[SUPPLIED INFORMATION]:
>>>>

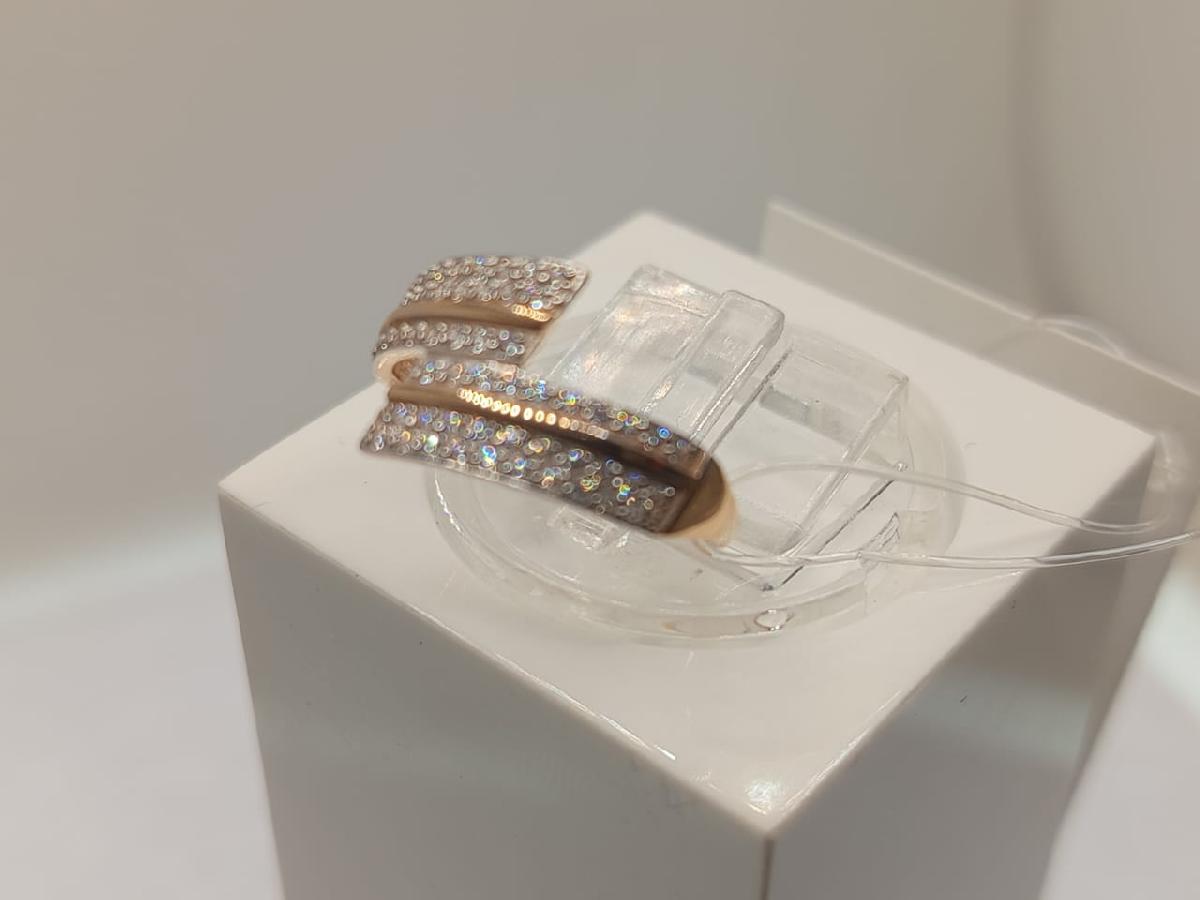 КОЛЬЦО С КАМНЯМИ (Au 585)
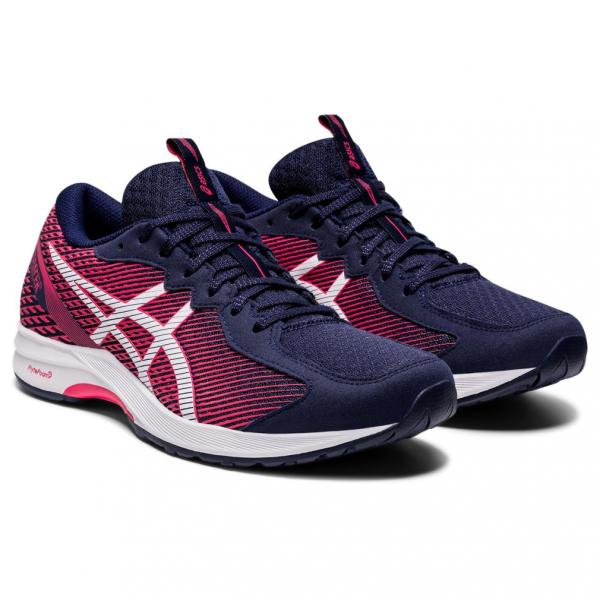 アシックス LYTERACER 2 ライトレーサー 2 1012A581 レディース 陸上/ランニング ランニングシューズ E : ネイビー×ホワイト asics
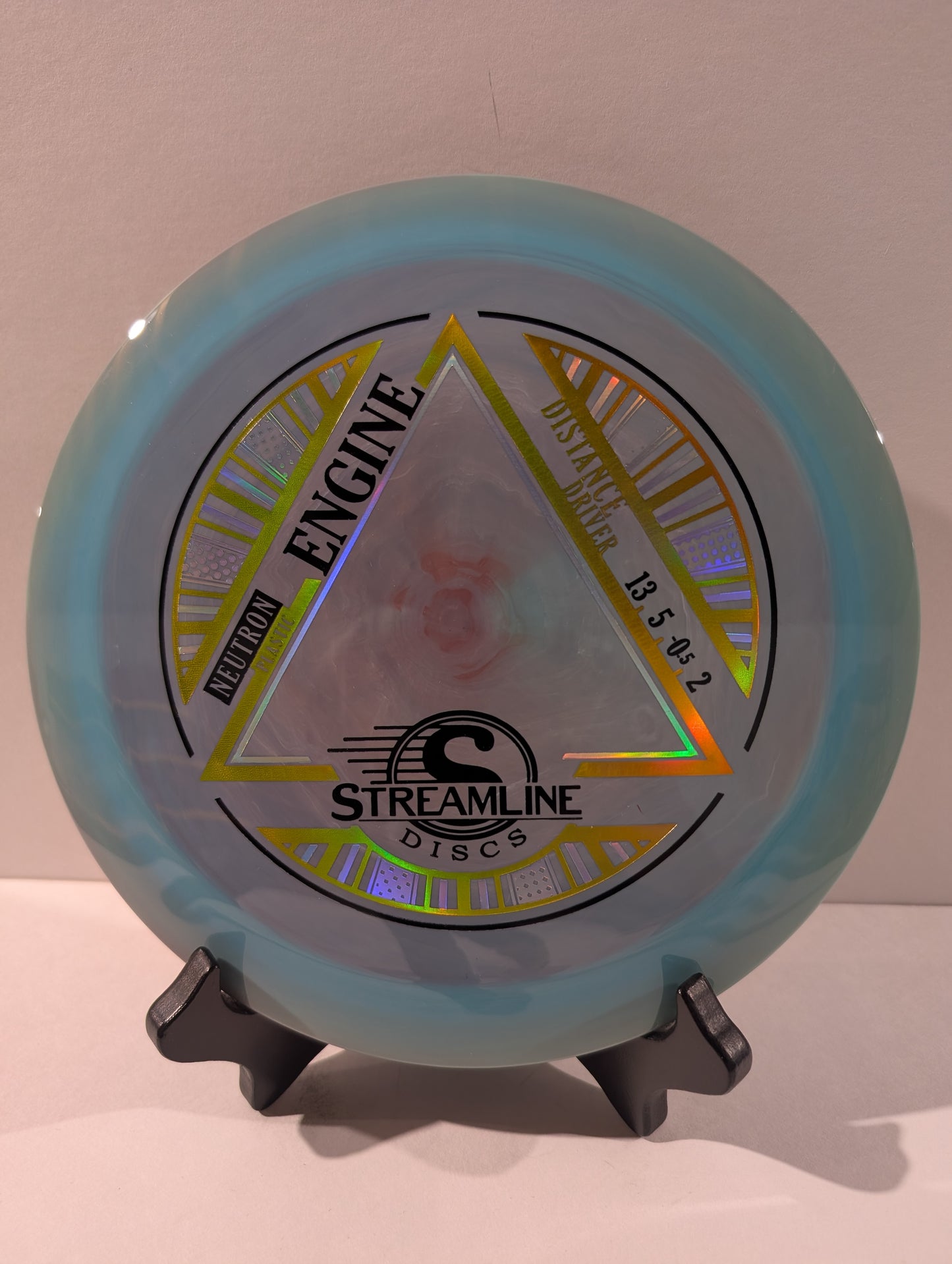 Blue Red Disc with Streamline Discs branding on a light background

<<<<

[TASK BRIEF]:
The aim is an exact repeat of the entire listing, stripped of pictures.

[OUTPUT BELOW]:
 КОЛЬЦО С КАМНЯМИ (Au 585)
 アシックス LYTERACER 2 ライトレーサー 2 1012A581 レディース 陸上/ランニング ランニングシューズ E : ネイビー×ホワイト asics
 Blue Red Disc with Streamline Discs branding on a light background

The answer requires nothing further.